REQUIRED WORK: Whatever lies between the line that holds "Retro Mode Girl" and the final line of the records below, both included, should be repeated exactly; leave out the pictures and add nothing.

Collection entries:
☆ ☆ ☆
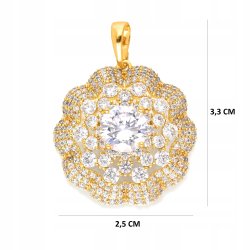 ELEGANCKA DUŻA ZAWIESZKA ZE STALI CHIRGUCZINEJ CRYSTAL DO ŁAŃCUSZKA 18K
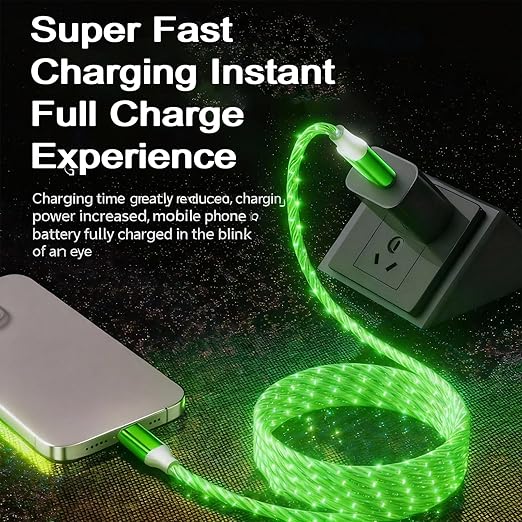 USB Cable PD Fast Charger Lighted Up (USB A TO C Starry Green)Mobile Phone Data Cable, Charging Cable, Supports Data Transfer, 39-inch, TPE Material, Compatible with Almost All Type-C Devices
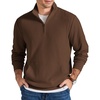 COOFANDY Men Corduroy Sweatshirt Quarter Zip Pullover Mock Neck Long Sleeve(Brown)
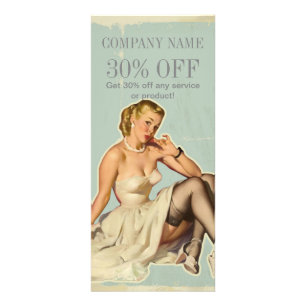 Retro Mode Girl Hair Stylist Makeup Artist Reclamekaart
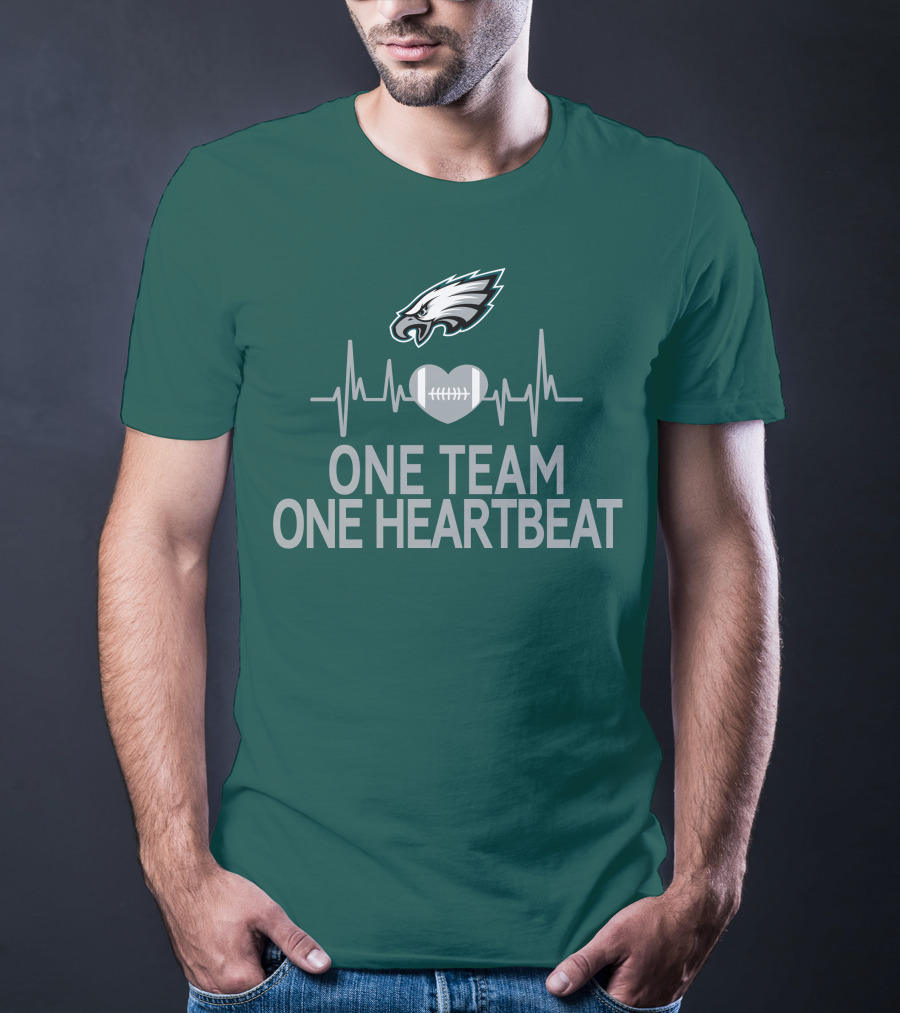 Philadelphia Eagles One Team One Heartbeat Football Logo Heartbeat T-Shirt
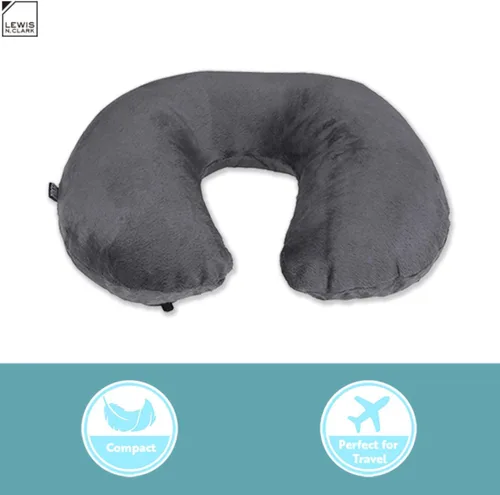 Miniatura 3 de Lewis N. Clark Almohada ajustable para el cuello, Gris, Almohada cervical ajustable e inflable portátil compacta para viajes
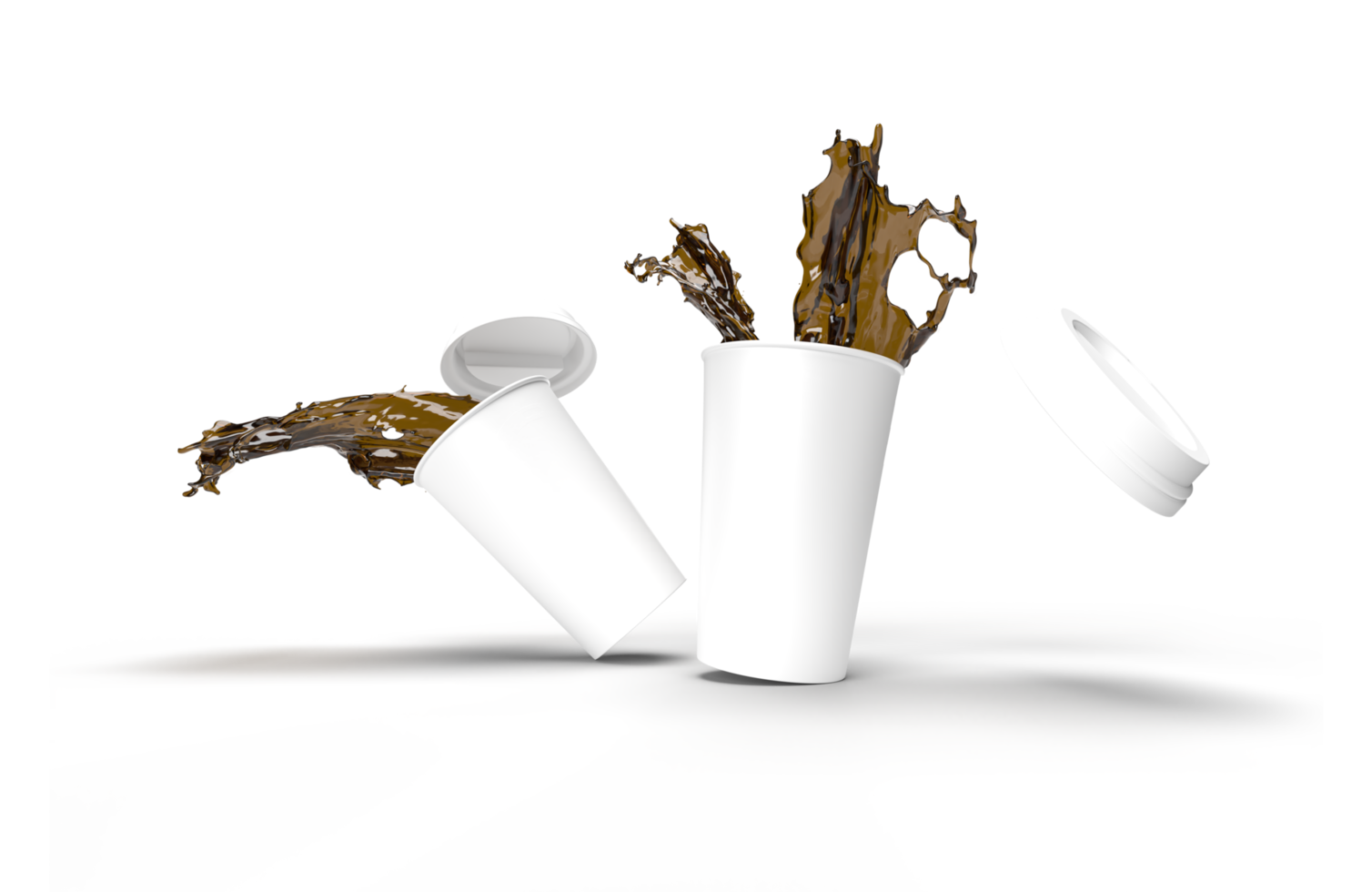 3d rendering image of 2 spilled coffee mugs png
☆ ☆ ☆
WRITTEN ANSWER:
 Retro Mode Girl Hair Stylist Makeup Artist Reclamekaart
 Philadelphia Eagles One Team One Heartbeat Football Logo Heartbeat T-Shirt
 Miniatura 3 de Lewis N. Clark Almohada ajustable para el cuello, Gris, Almohada cervical ajustable e inflable portátil compacta para viajes
 3d rendering image of 2 spilled coffee mugs png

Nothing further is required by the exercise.